Contrast this with the "psychology" of Ptolemy's qualities of mind or what we can glean from temperament. Those things are more likely to be apparent to the astrologer during discussions. I'm using the Ashmand translation, Book 3 Chapter 18.


Quote:
"When Jupiter alone has dominion of the mind and is gloriously situated he renders is generous, gracious, pious reverent, joyous, courteous, lofty, liberal, just, magnanimous, noble, self acting compassionate, fond of learning, beneficent, benevolent, ..."

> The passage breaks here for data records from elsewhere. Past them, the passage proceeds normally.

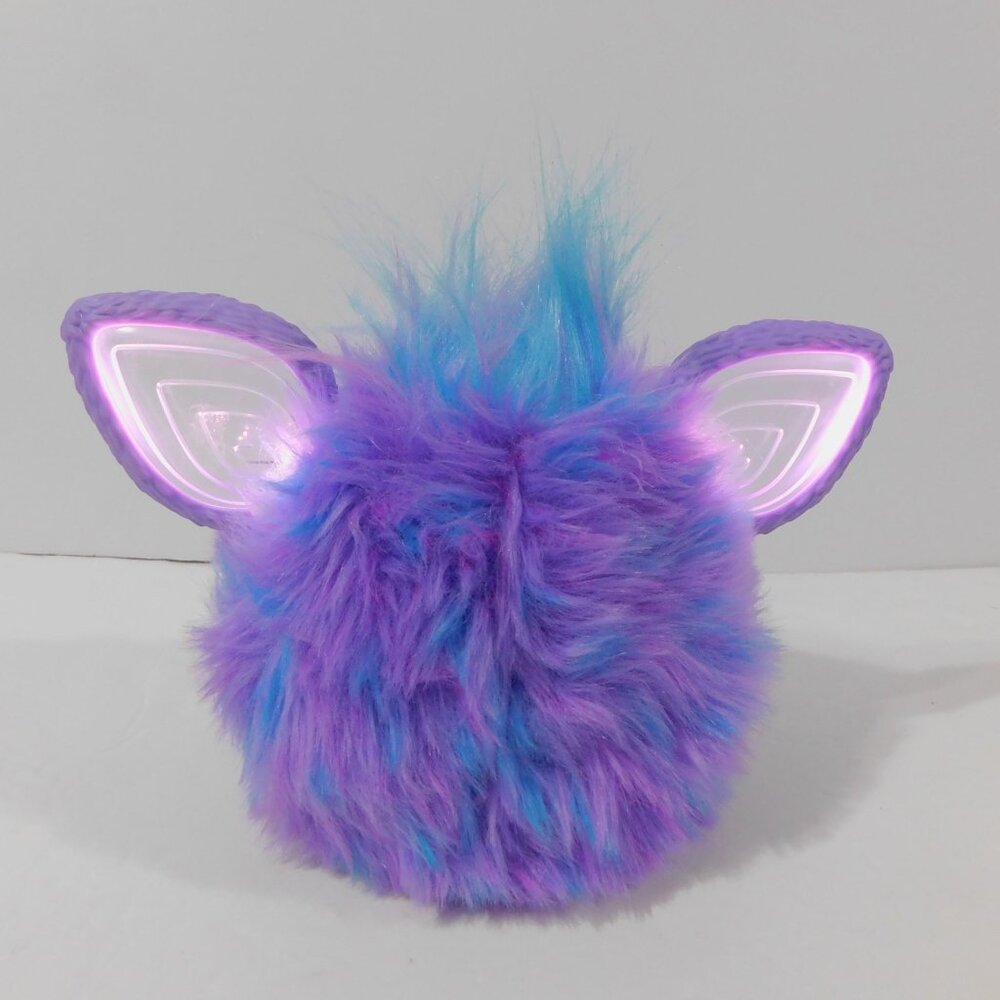 2023 Furby Purple Plush Tie Dye Interactive Voice activated Toy Glowing Ears - Picture 6 of 7
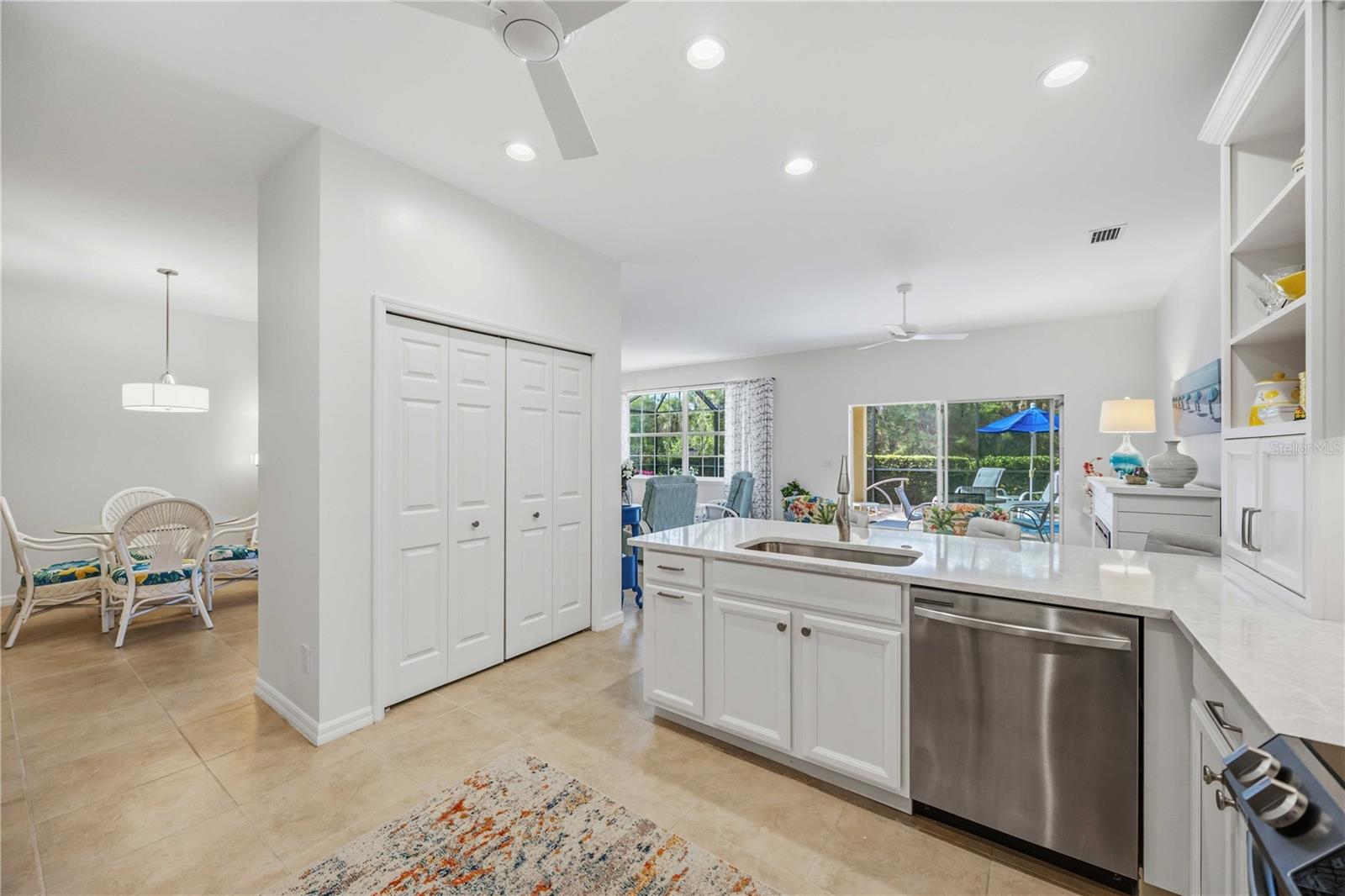Image 17 of 44 For 24955 Pennington Terrace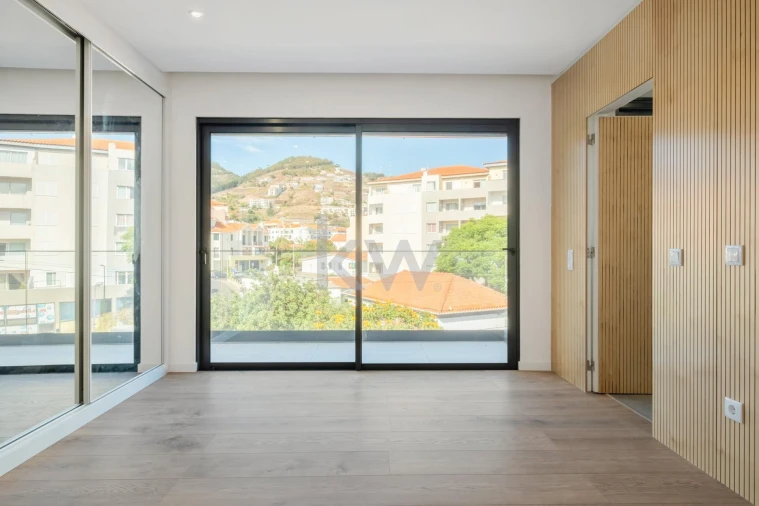 Apartamento T3 para Venda em Caniço Foto 34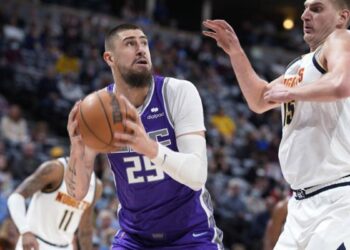 Nba Ukraine, le message de fierté de Len et Mykhailiuk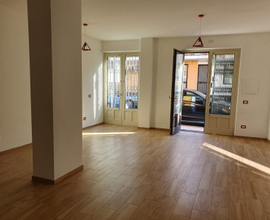 Locale commerciale PT, Trappitello,doppio ingresso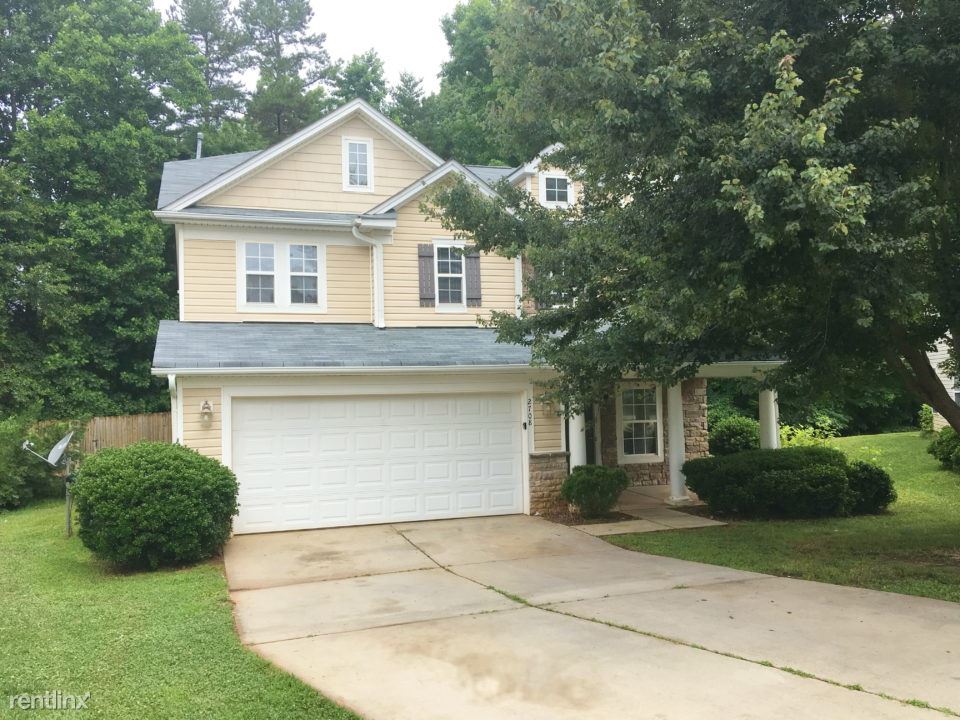 Primary Photo - 2708 Markham Woods Ct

You can do two things with this. First we can look to see if the native, after determining if Jupiter is the ruler of the mind or significator of the manners as it is sometimes called, and is well placed, has any or all of these qualities. He is unlikely to have every one. Second we can look at these qualities and see if the overall description seems to fit without too much attention on any given adjective or noun. Obviously the better we know the native the easier our task, but something will be obvious at the beginning of the first meeting. Is he courteous? noble? joyous? If so how will these qualities play out in the rest of the chart? During a direction? a transit? The point is there is something that is visible that can be worked with.

amzolt wrote:


Quote:
I'm curious, how long did you spend with "meaning-prediction" astrology?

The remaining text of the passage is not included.